The 188th, along with infantrymen from the Golani Brigade, fought in  the battle of Kfar Sil, a close-quarter bare-knuckle brawl against well-entrenched Syrian commandos who were propping up Hezbollah’s forces; the battle was described by many as the toughest of the war. There were cease-fires and skirmishes, and sometimes all-out hellacious fighting. At the end of July the brigade was ordered to get ready to enter Beirut. It was the first time that Israeli forces were poised to seize an Arab capital. Days later, the 188th brigade advanced on Beirut International Airport. The control tower became [Col. Meir] Dagan’s headquarters. From there, according to one of his battalion commanders, he conducted and choreographed the opera of war.

The battle for the airport was hard fought. At dawn on the morning of August 4, Syrian commandos unleashed a lethal barrage of antitank missiles against one of Dagan’s battalions near the main terminal. Later that day, toward afternoon, Palestinian and Syrian artillery poured a deadly and pinpointed rain of fire onto the Israeli positions. Thirteen soldiers were killed in the barrage, including Captain Tuval Gvirtzman, the commander of a company of tanks codenamed “Crusher”; he had been killed rushing to the aid of an armored personnel carrier that had suffered a direct hit and had burst into flames.

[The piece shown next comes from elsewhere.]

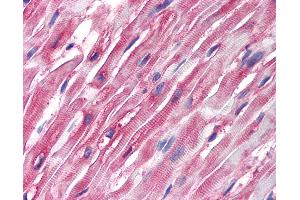 Anti-Alpha Tubulin antibody IHC of human heart.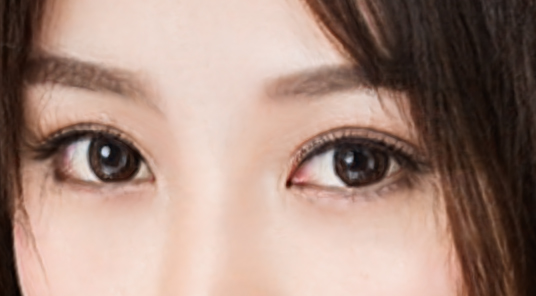 开外眼角手术危险吗?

Gvirtzman, known by the nickname of “Tuli,” was Dagan’s favorite officer in the brigade. “Dagan loved Tuli very much,” a former officer in the brigade remembered. “He was the most beloved officer in his command.” Lieutenant Colonel Eyal Ben-Reuven was Tuli’s commanding officer and had to break the news to Dagan. Under fire, Ben-Reuven climbed up the stairs leading to the control tower toward the brigade command post. Dagan was peering through high-powered field glasses; marked‑up maps were strewn about the floor amid broken glass. When Dagan heard that Tuli had been killed, he stopped what he was doing and his body slumped inward. He broke down in a loud and gut-wrenching cry that could be heard amid the gunfire. No one had ever seen Dagan cry before news of Tuli’s death reached him. Even though Dagan’s brigade lost twenty-five men in the conflict, and he had seen his men killed and wounded before, Tuli’s death changed Dagan forever.

Other events during his service in Lebanon made a lasting impression as well. Upon Dagan’s return home on leave in 1985, he informed his wife, Bina, that as a result of the fierce carnage he had witnessed in the fighting he no longer felt able to eat meat. It simply disgusted him, brought up difficult memories and images, and he insisted that he and his family become vegetarians. Just like that he swore off meat forever.

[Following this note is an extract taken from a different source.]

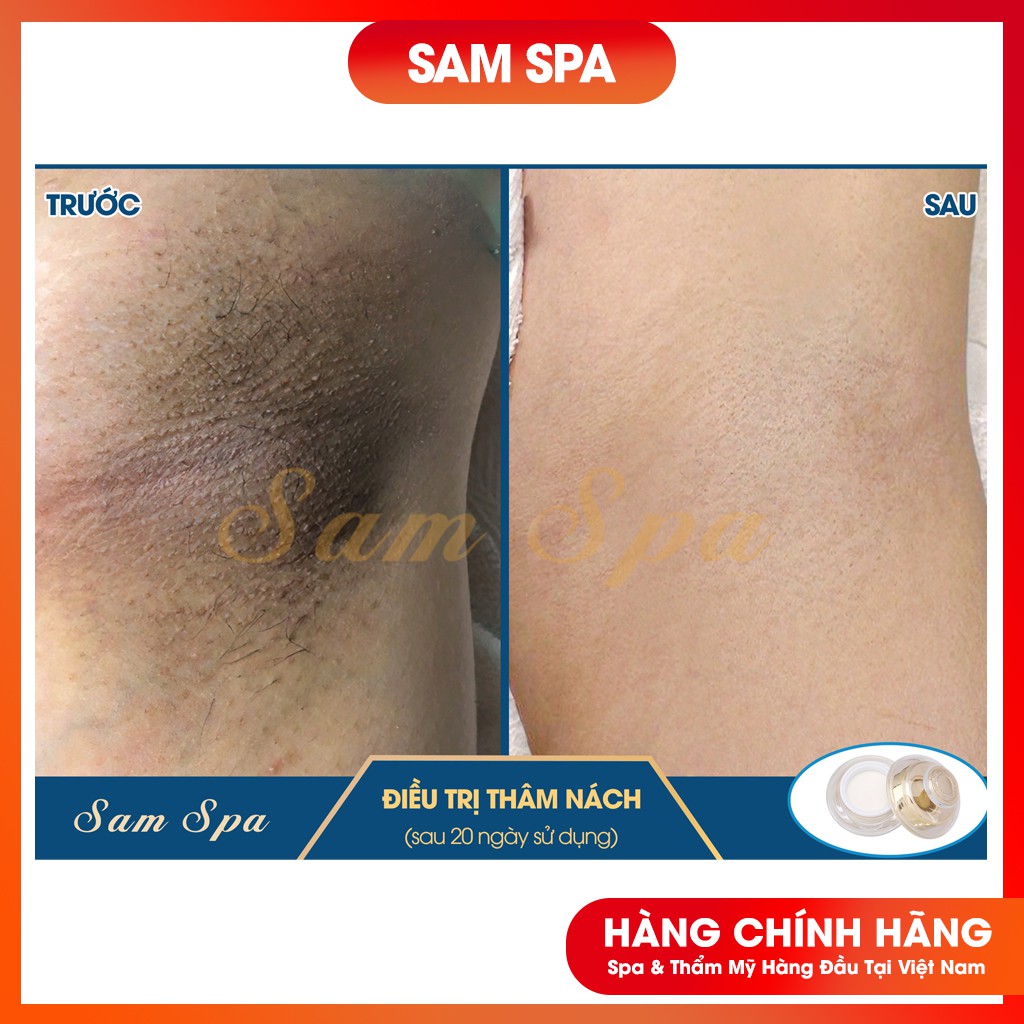 Kem Mờ Thâm Nách, Kem Mờ Thâm Bẹn Hàng Chuẩn Spa 30gr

Thirty years had passed since the battle for Beirut International Airport. Israel endured numerous intifadas and suicide bombing campaigns, SCUD missiles from Iraq, and a second war in Lebanon against Hezbollah. The country also endured a ceaseless terrorist campaign of attrition in between. But the biggest threat Israel had to face now was Iran.

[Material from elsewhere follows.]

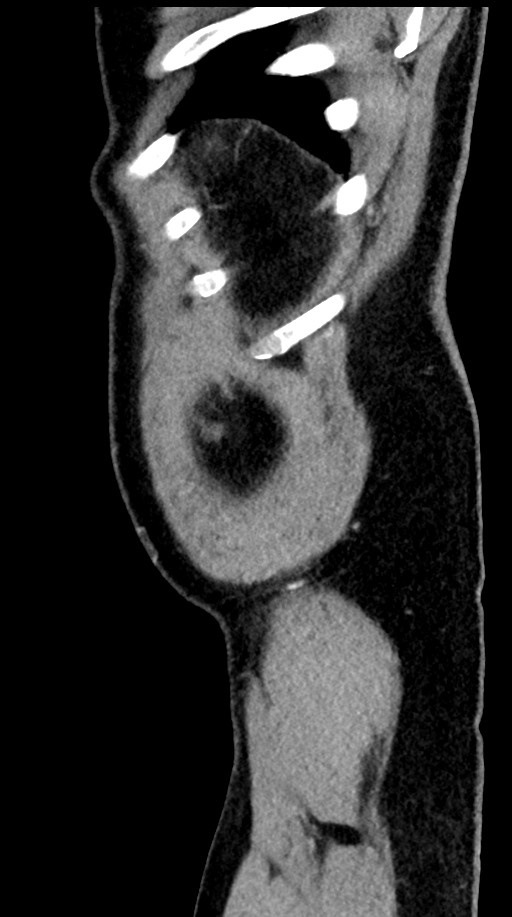 Acute appendicitis (Radiopaedia 77016-88960 Sagittal C+ portal venous phase 10).jpg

Meir Dagan hated war and wanted to do whatever he could to avoid it; this was part of the genius behind Harpoon — an effort to shock and awe the bankbooks of terror and not the crowded refugee camps where the perpetrators hid shielded by women and children. This revolutionized how nations waged war on terror. There were some in Israel pounding war drums to keep Iran from becoming a nuclear power. Israelis well understood that much of the terrorism being waged against them was being funded directly by the mullahs in Tehran, and they had no illusions what kind of threat the Islamic Republic would pose with nuclear capabilities. Dagan knew when war was necessary and when it could be avoided. In the eighth year of his tenure as Mossad director, Dagan was in a position to put actions in motion that could prevent war — even if it meant that some had to die as part of a larger and more important policy of preemptive deterrence.


Excerpted from the book “Harpoon: Inside the Covert War Against Terrorism’s Money Masters” by Nitsana Darshan-Leitner and Samuel M. Katz, published on Nov. 7 by Hachette Books, a division of Hachette Book Group. Copyright 2017 Nitsana Darshan-Leitner and Samuel M. Katz.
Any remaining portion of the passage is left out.